■ Exercise ■
Which lines of the entries below run from the one holding "Дерев'яна гра Вантажівки" to the one holding "Love Red Hearts", inclusive? Set down exactly those lines and no others.

>>>

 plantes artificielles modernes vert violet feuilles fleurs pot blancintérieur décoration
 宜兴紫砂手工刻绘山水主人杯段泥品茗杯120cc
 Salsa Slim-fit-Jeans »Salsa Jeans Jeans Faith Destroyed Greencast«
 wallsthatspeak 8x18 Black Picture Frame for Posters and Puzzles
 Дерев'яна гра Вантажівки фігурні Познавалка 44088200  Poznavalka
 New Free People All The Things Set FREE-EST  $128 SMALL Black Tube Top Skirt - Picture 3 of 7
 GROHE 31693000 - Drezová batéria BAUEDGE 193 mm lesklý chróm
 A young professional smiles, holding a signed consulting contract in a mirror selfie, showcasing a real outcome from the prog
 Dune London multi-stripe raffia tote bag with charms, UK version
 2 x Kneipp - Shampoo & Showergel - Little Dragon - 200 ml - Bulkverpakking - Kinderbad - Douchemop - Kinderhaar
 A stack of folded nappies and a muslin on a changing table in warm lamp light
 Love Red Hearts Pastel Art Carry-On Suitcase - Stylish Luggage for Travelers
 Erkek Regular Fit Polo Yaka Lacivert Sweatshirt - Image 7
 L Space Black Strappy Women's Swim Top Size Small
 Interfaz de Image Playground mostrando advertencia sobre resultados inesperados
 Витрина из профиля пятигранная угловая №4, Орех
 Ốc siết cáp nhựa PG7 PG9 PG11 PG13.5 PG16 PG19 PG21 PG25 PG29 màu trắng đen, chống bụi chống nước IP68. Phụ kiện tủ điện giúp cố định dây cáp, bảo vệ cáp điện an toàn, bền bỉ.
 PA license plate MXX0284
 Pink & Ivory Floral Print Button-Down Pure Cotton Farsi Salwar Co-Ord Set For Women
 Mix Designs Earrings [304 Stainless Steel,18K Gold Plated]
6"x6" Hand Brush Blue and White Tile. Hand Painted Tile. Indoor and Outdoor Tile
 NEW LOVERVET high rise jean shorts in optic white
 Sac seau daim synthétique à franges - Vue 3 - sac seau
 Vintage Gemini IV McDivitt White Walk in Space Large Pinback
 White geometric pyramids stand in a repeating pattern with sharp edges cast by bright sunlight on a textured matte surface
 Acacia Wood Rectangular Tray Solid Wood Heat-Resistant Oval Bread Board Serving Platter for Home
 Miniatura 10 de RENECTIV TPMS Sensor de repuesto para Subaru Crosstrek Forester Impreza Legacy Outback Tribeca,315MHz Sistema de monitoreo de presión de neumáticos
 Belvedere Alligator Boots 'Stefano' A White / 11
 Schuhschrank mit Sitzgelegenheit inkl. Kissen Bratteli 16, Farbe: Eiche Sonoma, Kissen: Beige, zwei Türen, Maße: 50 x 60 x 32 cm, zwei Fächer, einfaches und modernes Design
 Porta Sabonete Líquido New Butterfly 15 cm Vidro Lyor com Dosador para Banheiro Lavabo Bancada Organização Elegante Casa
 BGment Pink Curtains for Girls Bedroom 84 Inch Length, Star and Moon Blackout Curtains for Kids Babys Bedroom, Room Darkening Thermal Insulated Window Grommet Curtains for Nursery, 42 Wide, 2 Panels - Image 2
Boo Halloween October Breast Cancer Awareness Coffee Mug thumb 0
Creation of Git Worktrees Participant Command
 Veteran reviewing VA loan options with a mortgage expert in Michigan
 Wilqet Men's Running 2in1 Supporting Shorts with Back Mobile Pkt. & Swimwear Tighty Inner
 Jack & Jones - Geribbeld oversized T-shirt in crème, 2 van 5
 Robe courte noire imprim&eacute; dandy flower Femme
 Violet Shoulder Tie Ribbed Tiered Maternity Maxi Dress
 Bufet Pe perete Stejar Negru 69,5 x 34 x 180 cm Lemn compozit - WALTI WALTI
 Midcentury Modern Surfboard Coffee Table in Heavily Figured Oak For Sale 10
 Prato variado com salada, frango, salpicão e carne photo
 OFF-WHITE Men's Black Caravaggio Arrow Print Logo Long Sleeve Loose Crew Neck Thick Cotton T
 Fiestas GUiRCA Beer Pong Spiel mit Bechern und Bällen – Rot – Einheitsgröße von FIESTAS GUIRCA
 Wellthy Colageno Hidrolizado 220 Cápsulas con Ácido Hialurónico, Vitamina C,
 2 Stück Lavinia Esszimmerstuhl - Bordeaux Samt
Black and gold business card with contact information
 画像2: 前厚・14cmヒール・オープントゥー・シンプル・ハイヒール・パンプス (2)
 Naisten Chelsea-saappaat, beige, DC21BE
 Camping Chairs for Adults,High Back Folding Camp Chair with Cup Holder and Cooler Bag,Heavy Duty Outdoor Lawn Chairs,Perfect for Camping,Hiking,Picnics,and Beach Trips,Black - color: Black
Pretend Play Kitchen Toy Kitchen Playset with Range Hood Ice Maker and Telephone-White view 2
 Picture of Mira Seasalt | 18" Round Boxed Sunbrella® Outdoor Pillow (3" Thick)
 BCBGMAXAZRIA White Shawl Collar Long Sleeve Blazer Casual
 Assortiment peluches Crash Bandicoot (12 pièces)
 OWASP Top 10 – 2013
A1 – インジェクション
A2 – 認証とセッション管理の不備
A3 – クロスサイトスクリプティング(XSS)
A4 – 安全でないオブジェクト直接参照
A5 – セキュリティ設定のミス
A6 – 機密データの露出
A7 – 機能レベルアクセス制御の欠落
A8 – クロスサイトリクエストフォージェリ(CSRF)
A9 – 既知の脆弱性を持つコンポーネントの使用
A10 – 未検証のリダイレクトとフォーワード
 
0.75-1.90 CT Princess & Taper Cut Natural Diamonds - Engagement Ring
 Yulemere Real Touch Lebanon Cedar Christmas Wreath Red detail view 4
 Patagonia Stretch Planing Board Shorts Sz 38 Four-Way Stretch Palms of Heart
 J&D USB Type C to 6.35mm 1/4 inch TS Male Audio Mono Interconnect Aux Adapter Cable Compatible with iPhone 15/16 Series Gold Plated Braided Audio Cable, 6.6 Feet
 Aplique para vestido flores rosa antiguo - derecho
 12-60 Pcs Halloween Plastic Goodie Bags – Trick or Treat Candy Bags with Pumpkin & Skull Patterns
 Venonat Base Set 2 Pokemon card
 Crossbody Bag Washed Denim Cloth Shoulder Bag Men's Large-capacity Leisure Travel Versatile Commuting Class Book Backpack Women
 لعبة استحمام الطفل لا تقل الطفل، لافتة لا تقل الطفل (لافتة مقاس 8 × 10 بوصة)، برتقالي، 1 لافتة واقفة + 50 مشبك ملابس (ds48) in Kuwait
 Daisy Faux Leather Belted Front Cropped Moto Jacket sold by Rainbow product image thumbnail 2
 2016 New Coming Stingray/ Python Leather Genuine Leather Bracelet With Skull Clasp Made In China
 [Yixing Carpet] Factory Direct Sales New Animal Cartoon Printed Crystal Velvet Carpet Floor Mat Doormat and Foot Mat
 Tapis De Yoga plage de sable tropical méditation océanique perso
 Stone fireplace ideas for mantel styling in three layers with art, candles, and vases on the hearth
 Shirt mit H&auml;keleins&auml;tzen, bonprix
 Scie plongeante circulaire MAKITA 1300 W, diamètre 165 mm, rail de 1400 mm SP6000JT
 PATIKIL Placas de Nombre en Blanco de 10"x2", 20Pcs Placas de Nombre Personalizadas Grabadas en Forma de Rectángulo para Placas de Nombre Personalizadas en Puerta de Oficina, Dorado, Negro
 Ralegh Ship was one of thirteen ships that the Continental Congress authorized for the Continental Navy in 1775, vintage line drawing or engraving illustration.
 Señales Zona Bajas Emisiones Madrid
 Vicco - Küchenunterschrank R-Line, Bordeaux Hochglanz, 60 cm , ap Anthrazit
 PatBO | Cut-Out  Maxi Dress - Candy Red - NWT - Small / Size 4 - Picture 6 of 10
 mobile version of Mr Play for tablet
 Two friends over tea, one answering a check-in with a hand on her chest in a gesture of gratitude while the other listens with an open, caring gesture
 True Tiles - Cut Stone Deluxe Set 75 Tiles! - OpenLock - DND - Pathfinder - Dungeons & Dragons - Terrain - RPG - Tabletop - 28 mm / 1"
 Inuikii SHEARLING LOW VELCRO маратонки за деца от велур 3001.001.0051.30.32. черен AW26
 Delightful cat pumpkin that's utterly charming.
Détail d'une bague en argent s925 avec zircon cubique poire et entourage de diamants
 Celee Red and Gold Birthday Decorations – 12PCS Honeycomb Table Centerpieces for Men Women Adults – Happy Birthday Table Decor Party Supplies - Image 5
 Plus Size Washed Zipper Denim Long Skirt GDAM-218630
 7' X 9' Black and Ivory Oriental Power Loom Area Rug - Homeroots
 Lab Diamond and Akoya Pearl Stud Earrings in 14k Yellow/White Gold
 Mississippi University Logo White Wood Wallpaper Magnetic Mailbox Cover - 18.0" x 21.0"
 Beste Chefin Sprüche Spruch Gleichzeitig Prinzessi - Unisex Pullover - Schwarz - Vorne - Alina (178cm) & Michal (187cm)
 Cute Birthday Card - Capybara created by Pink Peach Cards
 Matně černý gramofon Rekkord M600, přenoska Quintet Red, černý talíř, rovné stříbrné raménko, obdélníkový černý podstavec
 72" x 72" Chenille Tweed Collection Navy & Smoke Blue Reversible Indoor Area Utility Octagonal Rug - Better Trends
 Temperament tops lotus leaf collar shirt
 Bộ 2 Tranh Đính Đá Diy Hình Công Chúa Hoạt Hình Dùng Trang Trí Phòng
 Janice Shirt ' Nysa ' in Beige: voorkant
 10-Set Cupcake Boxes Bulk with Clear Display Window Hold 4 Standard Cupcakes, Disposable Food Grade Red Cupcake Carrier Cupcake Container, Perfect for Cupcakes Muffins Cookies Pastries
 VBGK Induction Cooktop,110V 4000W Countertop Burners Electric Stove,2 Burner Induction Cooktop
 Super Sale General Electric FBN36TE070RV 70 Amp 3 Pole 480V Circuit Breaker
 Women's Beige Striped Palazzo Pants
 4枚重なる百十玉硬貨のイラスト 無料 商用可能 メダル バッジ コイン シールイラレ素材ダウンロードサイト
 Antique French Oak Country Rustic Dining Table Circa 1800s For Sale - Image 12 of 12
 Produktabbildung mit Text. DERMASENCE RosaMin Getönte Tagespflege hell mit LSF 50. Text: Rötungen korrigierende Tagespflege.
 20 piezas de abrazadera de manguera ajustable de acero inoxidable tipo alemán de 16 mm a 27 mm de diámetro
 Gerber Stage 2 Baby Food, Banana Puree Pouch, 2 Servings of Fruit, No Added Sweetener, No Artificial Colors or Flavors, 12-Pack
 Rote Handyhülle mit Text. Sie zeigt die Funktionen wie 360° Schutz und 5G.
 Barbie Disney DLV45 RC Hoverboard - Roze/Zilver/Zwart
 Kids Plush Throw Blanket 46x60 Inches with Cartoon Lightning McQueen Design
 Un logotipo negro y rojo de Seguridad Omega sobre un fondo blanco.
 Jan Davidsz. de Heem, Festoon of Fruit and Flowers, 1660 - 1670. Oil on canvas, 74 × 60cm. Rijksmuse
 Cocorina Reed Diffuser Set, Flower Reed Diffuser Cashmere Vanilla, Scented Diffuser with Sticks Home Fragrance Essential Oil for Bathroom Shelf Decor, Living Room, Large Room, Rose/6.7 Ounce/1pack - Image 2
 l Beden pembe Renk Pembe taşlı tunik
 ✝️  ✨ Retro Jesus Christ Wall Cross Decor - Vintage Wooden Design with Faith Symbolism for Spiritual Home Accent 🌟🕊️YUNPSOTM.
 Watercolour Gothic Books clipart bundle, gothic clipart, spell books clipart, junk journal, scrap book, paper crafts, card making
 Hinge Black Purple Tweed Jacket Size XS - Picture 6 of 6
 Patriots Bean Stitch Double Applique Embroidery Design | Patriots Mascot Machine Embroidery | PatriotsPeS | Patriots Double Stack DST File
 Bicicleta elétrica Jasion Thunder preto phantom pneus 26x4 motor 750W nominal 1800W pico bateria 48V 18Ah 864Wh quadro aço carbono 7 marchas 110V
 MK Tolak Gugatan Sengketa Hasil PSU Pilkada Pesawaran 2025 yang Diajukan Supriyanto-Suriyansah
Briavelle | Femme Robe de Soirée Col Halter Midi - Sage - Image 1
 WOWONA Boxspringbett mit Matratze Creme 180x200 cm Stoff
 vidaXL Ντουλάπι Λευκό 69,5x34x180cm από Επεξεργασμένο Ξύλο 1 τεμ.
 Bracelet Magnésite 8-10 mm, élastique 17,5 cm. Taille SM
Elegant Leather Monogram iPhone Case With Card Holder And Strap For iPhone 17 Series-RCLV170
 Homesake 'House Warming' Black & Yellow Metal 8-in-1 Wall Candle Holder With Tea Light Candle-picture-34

<<<

■ Worked solution ■
 Дерев'яна гра Вантажівки фігурні Познавалка 44088200  Poznavalka
 New Free People All The Things Set FREE-EST  $128 SMALL Black Tube Top Skirt - Picture 3 of 7
 GROHE 31693000 - Drezová batéria BAUEDGE 193 mm lesklý chróm
 A young professional smiles, holding a signed consulting contract in a mirror selfie, showcasing a real outcome from the prog
 Dune London multi-stripe raffia tote bag with charms, UK version
 2 x Kneipp - Shampoo & Showergel - Little Dragon - 200 ml - Bulkverpakking - Kinderbad - Douchemop - Kinderhaar
 A stack of folded nappies and a muslin on a changing table in warm lamp light
 Love Red Hearts Pastel Art Carry-On Suitcase - Stylish Luggage for Travelers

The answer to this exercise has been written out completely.